I extended my magic, searching for traces of demonkind, but got nothing. I twisted back to Callum. “You should go next.”
“You won’t learn if you always go last.”
Maybe not, but in this situation, I was willing to hang back. Whatever we found in the house, I’d be more use backing Lizzie and him up than trying to lead the charge.
Lizzie moved deeper into the house and Callum glided after her, moving in the silent way he always did in our training sessions. A s’ealg oiche on the hunt. Focused and deadly.
I should attempt to channel that energy. I was a hunter, too.
I followed Callum, closing the back door once I was inside. The hallway was dark without the moonlight, and I blinked, trying to get my eyes to adjust. I could barely make out Callum’s hand stretched toward what I assumed was a light switch.
“No. I don’t want to draw attention,” Lizzie said. She summoned a globe of dim light in her left hand. “This will do.”

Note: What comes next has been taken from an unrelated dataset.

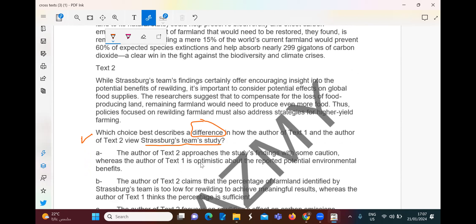Looking at the differences between the choices: The author of Text 2 approaches the study with some caution — with doubts. Whereas the author of Text 1 is optimistic about the reported potential environmental benefits. So Text 2 is negative and Text 1 is positive. That's choice B. The author of Text 2 claims that the percentage of farmland identified by Sturzberg's team is too low for rewilding.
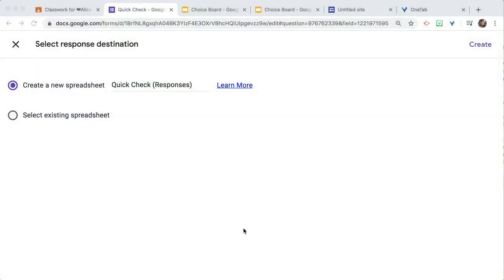Now if you want, you can actually have those spreadsheet responses all go to the same spreadsheet — so maybe you have one for all of your quizzes or all of your warm-ups, and all your forms go to that same spreadsheet. That is a choice, so if you select an existing spreadsheet, you can dump it into one you already have.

“Ah,” Callum said, “Yes, that is sensible.” He followed Lizzie’s example and also summoned a small light, setting it to hover by his shoulder. I couldn’t do the hovering part yet, but I could summon a light to my hand, like Lizzie.
My sight adjusted to the small amount of light, showing me a central hall painted some light color that was hard to make out by the witchlight. There were two doors on each side, painted a deeper shade of whatever the color was, then the hall ended at a more open area at the front of the house.

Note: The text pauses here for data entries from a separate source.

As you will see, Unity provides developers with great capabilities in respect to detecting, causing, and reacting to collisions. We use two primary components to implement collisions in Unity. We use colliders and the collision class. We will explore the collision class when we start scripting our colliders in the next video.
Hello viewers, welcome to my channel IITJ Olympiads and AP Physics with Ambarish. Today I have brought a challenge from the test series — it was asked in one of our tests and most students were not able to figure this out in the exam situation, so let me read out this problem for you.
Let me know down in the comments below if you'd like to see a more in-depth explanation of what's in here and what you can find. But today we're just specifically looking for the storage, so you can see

The air was musty, like the house had been closed up for a long time. Someone might have been taking care of the garden, but no one was coming in to clean judging by the layer of dust gathered on everything and the cobwebs stretched over some of the doors.
I shivered at the sight of them. Since the bruadhsiu, spiders creeped me out. And the webs reminded me of the sticky sensation of Cerridwen’s lure. The one that had drawn an afrit in. I reached for my magic. I didn’t get the same sensation here,but that didn’t mean anything. There are many different types of afrit.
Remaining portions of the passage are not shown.